• STUDY MATERIAL:

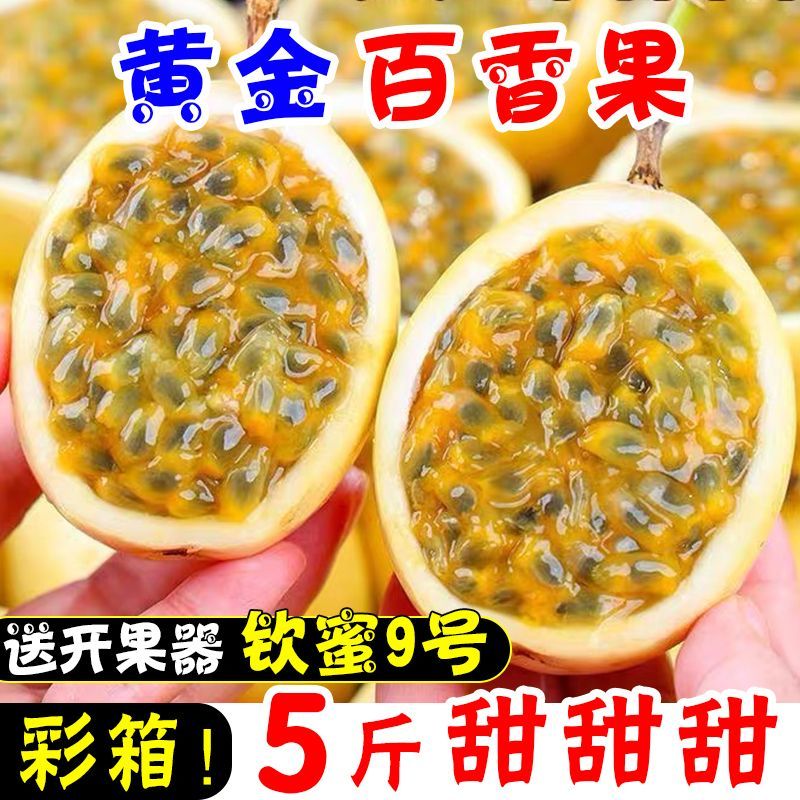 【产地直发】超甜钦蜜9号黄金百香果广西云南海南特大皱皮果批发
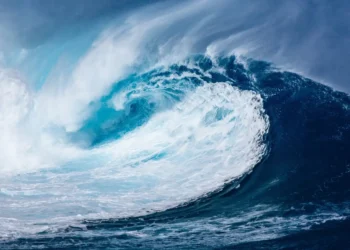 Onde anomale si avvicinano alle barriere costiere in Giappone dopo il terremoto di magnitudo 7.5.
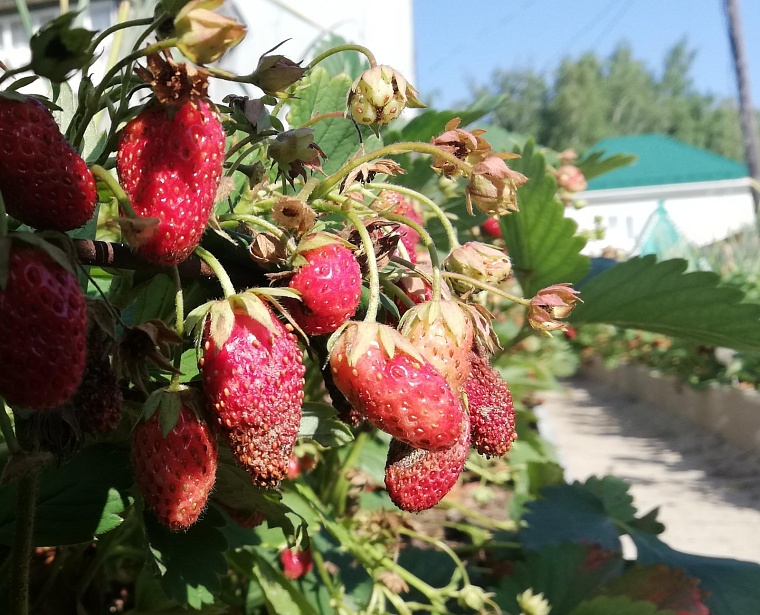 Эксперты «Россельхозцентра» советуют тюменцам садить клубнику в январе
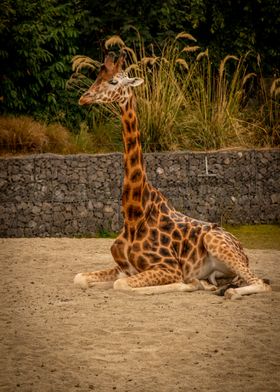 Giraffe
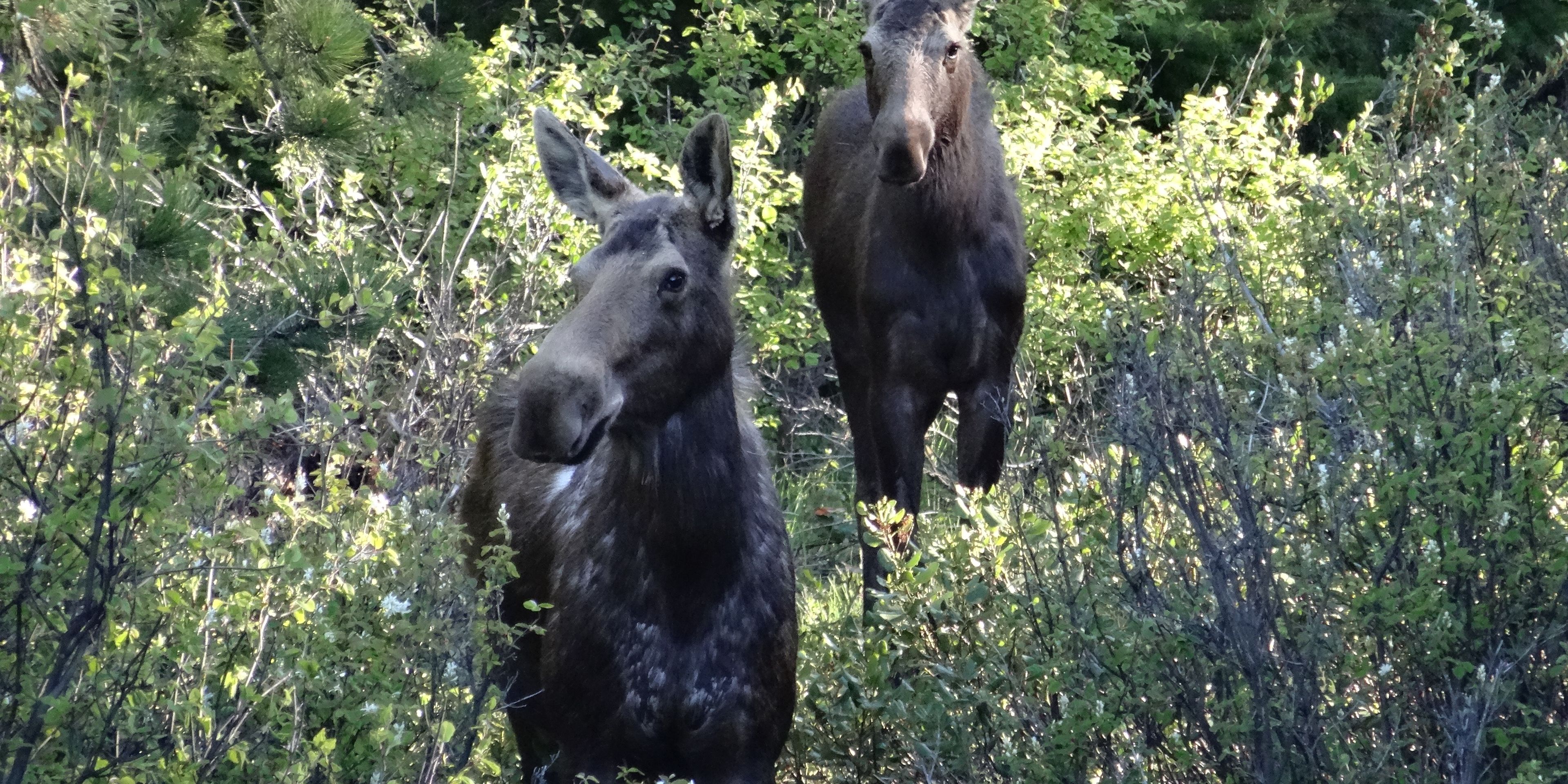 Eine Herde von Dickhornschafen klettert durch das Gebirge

==

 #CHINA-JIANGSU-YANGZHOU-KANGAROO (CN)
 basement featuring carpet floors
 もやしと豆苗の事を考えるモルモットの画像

• WHAT THE EXERCISE ASKS: Produce a word-for-word copy of everything above from the line holding "#CHINA-JIANGSU-YANGZHOU-KANGAROO (CN)" down to the line holding "もやしと豆苗の事を考えるモルモットの画像", with both of those lines kept.

• WRITTEN ANSWER:
 #CHINA-JIANGSU-YANGZHOU-KANGAROO (CN)
 basement featuring carpet floors
 もやしと豆苗の事を考えるモルモットの画像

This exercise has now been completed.